Input material
= = = =

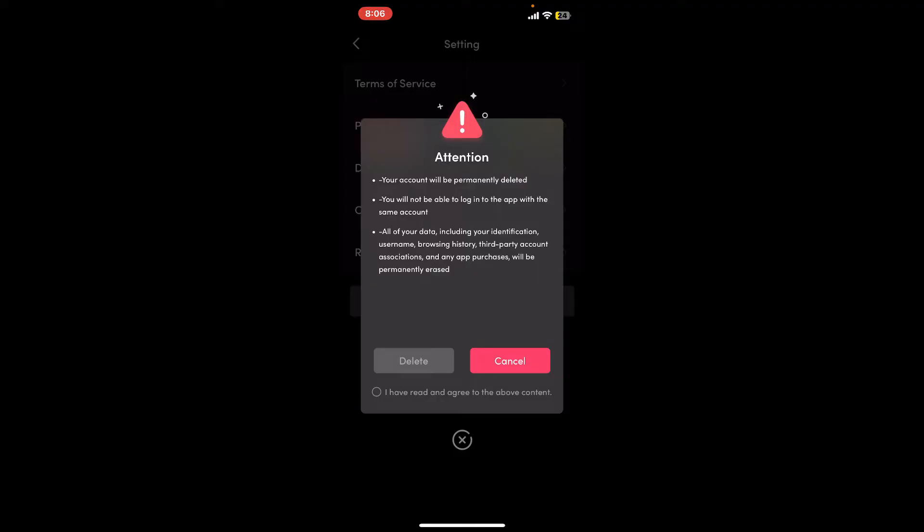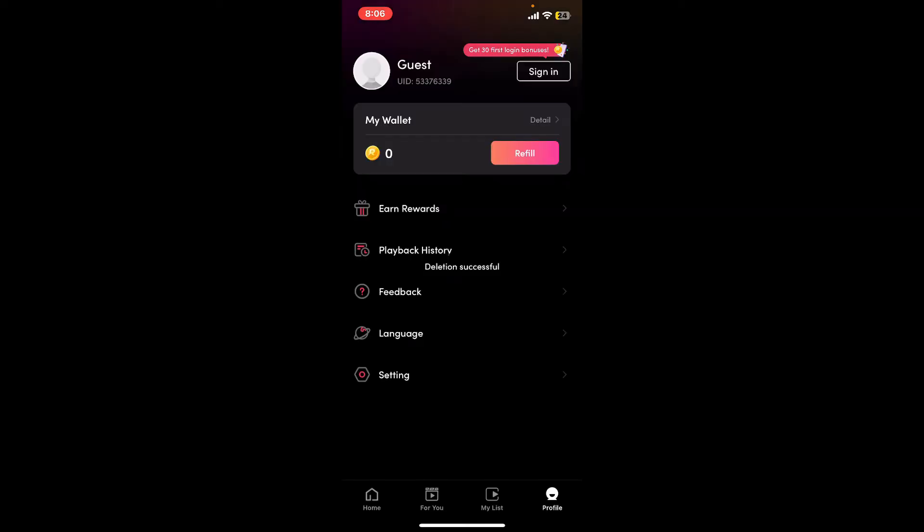Simply tap on this little circle at the bottom where it says 'I have read and agree to the above content,' and then tap on delete. Soon after you do that, you will be able to delete your ReelShort account.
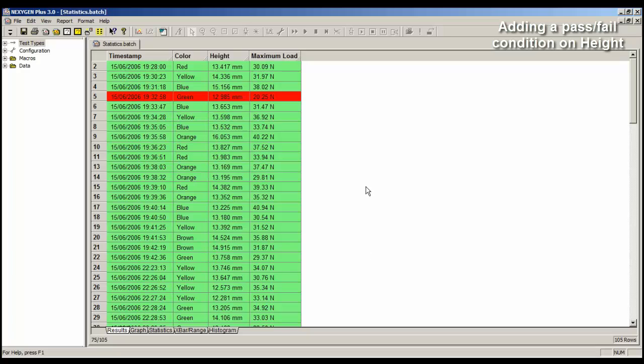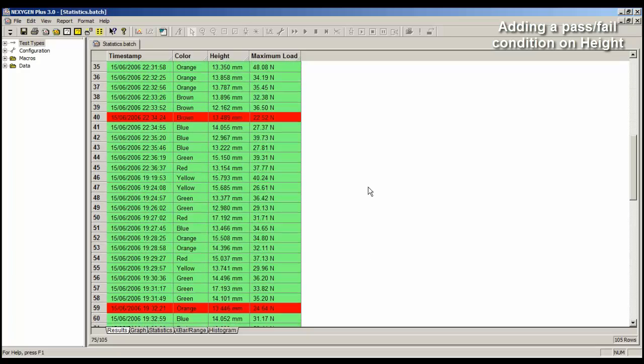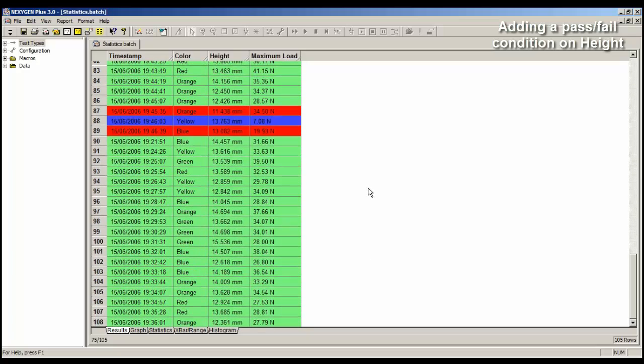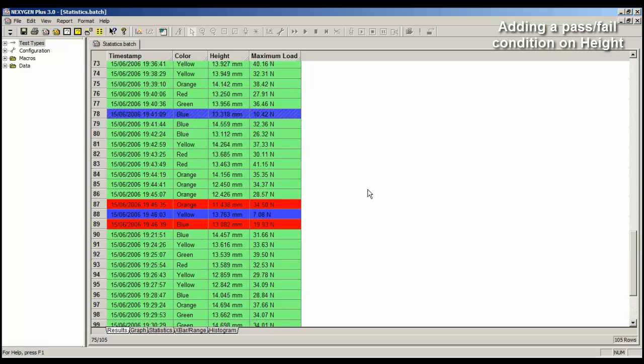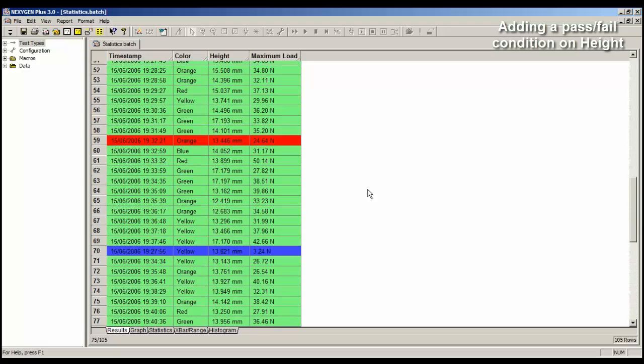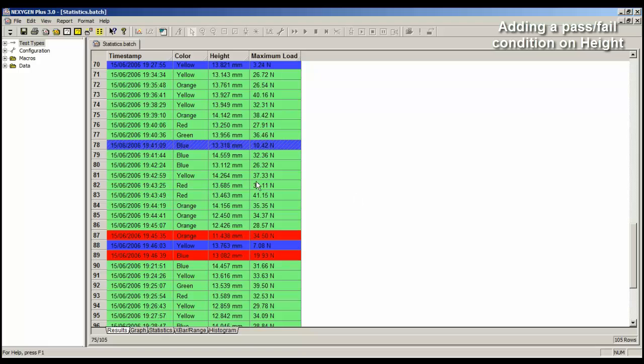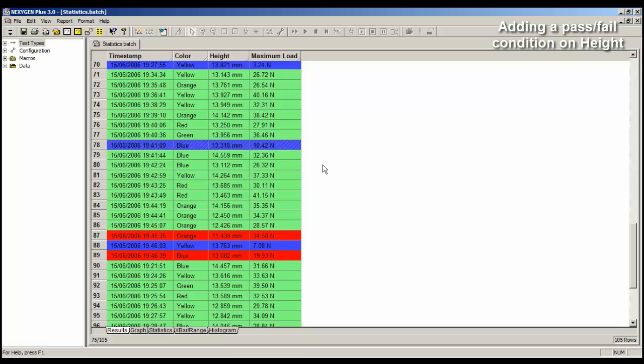Now when I scroll through the data, it's not easy to see which tests have failed, because of height. We can see also that we have good rows in green, failed rows in red, and rows we have excluded shown in blue.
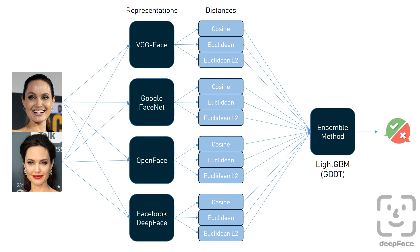Ensemble method basically finds the distances with those 12 alternatives. Then it will feed those 12 distance values as features to a gradient boosting model in the background. This comes with a huge improvement on face recognition tasks.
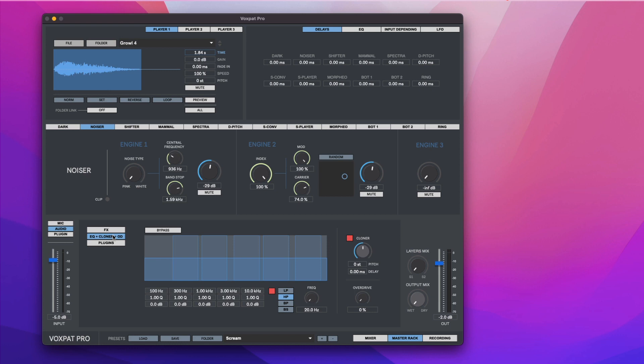There is also a 5-band parametric EQ, cloner, and overdrive distortion. Cloner creates a delayed, pitch-shifted copy of the output, which allows you to create interesting decays.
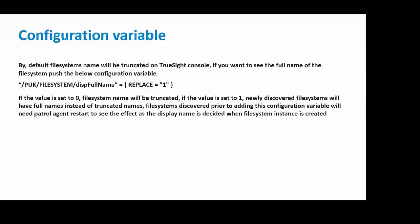By default, file system's name will be truncated on the TrueSight console. If you want to see the full name of the file system, push the below configuration variable. If the value is set to 0, file system name will be truncated. If the value is set to 1, the newly discovered file system will have the full name instead of the truncated names.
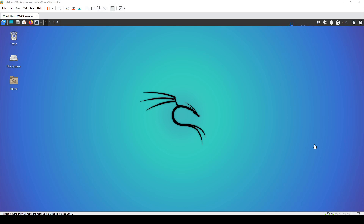Greetings guys, God Havox here back with another video. It's been a while since I last uploaded to YouTube. Today I'm going to be covering a tool called StormBreaker, through which you're able to access the webcam of a target device, the location, as well as obtain information about the target device.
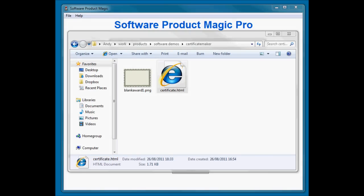Hi, Andy Brocklehurst here with another tutorial on Software Product Magic. In this video, we're going to make a certificate maker. This is a really simple example of something that you can do.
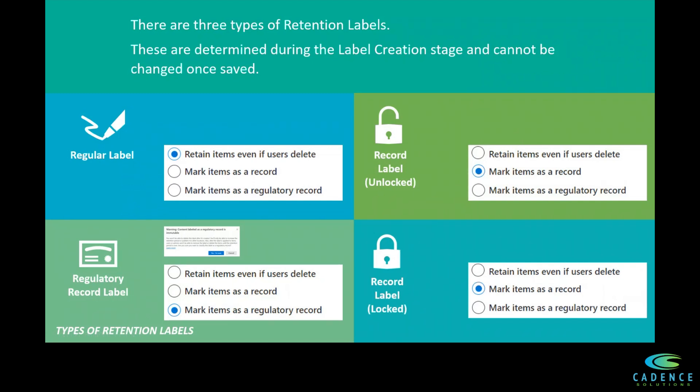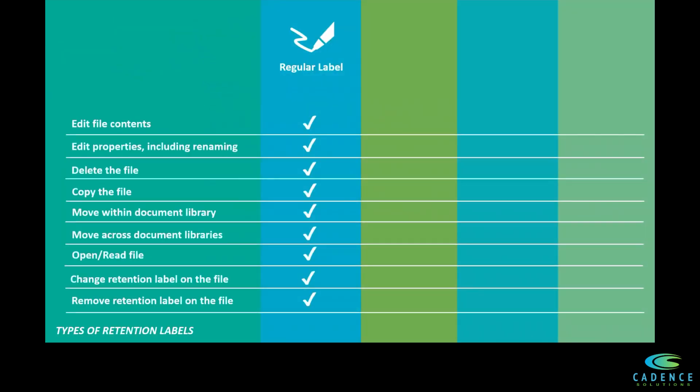The actions that users can take on files tagged with a regular retention label include edit file contents, edit the properties of the file, including renaming the file, and delete the file.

= = = =

All records above must be output exactly as they stand, excluding pictures.

Written answer
Simply tap on this little circle at the bottom where it says 'I have read and agree to the above content,' and then tap on delete. Soon after you do that, you will be able to delete your ReelShort account.
Now when I scroll through the data, it's not easy to see which tests have failed, because of height. We can see also that we have good rows in green, failed rows in red, and rows we have excluded shown in blue.
Ensemble method basically finds the distances with those 12 alternatives. Then it will feed those 12 distance values as features to a gradient boosting model in the background. This comes with a huge improvement on face recognition tasks.
There is also a 5-band parametric EQ, cloner, and overdrive distortion. Cloner creates a delayed, pitch-shifted copy of the output, which allows you to create interesting decays.
By default, file system's name will be truncated on the TrueSight console. If you want to see the full name of the file system, push the below configuration variable. If the value is set to 0, file system name will be truncated. If the value is set to 1, the newly discovered file system will have the full name instead of the truncated names.
Greetings guys, God Havox here back with another video. It's been a while since I last uploaded to YouTube. Today I'm going to be covering a tool called StormBreaker, through which you're able to access the webcam of a target device, the location, as well as obtain information about the target device.
Hi, Andy Brocklehurst here with another tutorial on Software Product Magic. In this video, we're going to make a certificate maker. This is a really simple example of something that you can do.
The actions that users can take on files tagged with a regular retention label include edit file contents, edit the properties of the file, including renaming the file, and delete the file.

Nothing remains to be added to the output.